Exercise prompt | The answer must be only the lines below from the one holding "Taboret welurowy MOGUOBIN, zestaw" down to the one holding "Prettig Valentijnsdag blauwe", ends included, printed exactly; please omit all pictures.

Data extract |
---+---
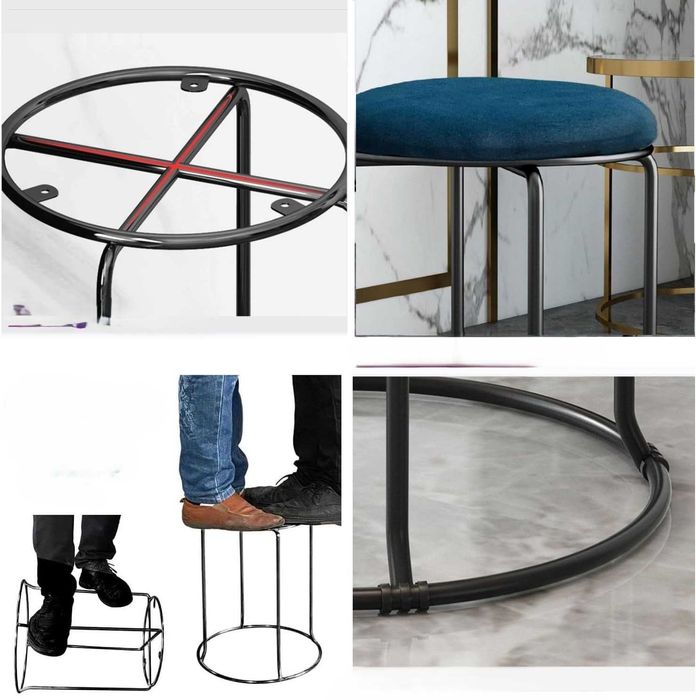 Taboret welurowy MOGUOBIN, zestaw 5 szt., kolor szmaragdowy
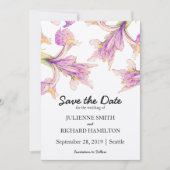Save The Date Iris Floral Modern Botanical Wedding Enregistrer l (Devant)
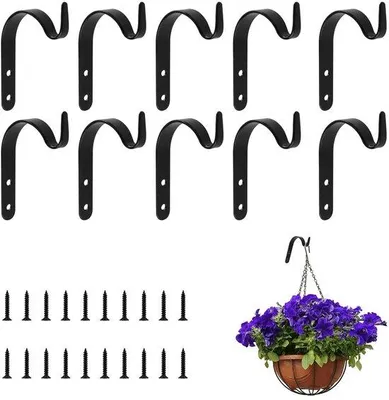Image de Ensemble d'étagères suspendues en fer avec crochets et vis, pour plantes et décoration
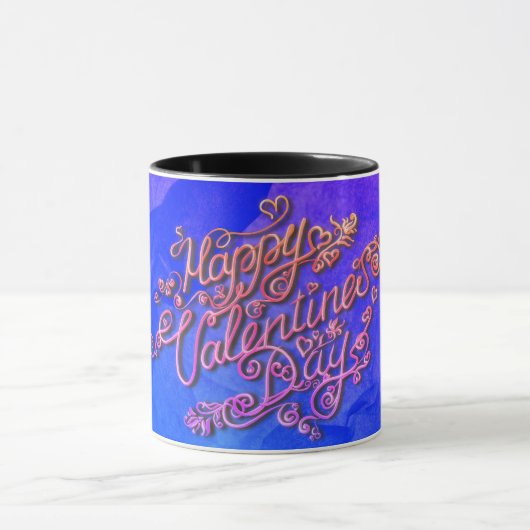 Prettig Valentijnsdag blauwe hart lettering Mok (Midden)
---+---
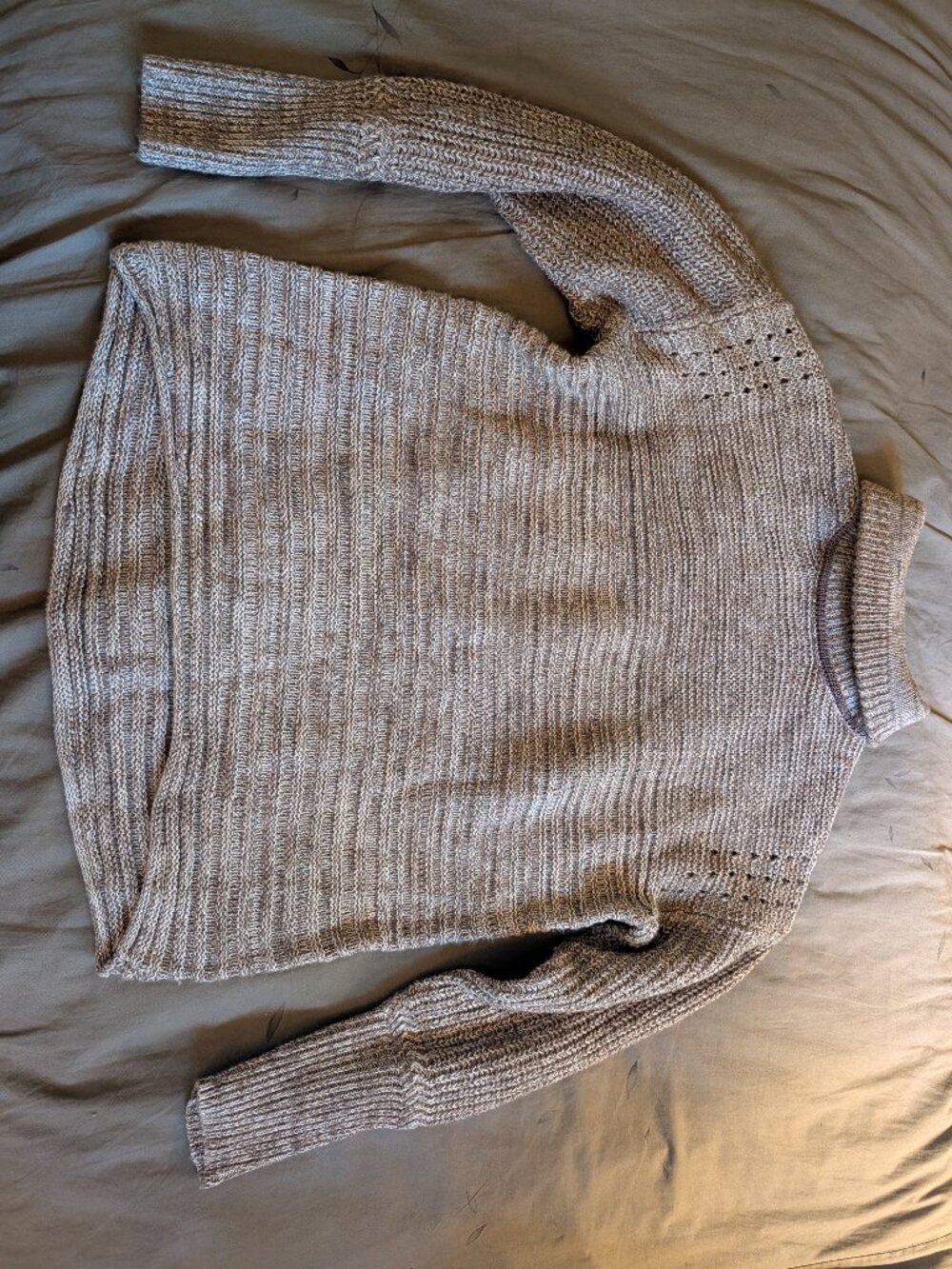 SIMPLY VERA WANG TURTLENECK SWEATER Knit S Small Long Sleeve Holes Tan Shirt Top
---+---
Response area |
 Taboret welurowy MOGUOBIN, zestaw 5 szt., kolor szmaragdowy
Save The Date Iris Floral Modern Botanical Wedding Enregistrer l (Devant)
Image de Ensemble d'étagères suspendues en fer avec crochets et vis, pour plantes et décoration
 Prettig Valentijnsdag blauwe hart lettering Mok (Midden)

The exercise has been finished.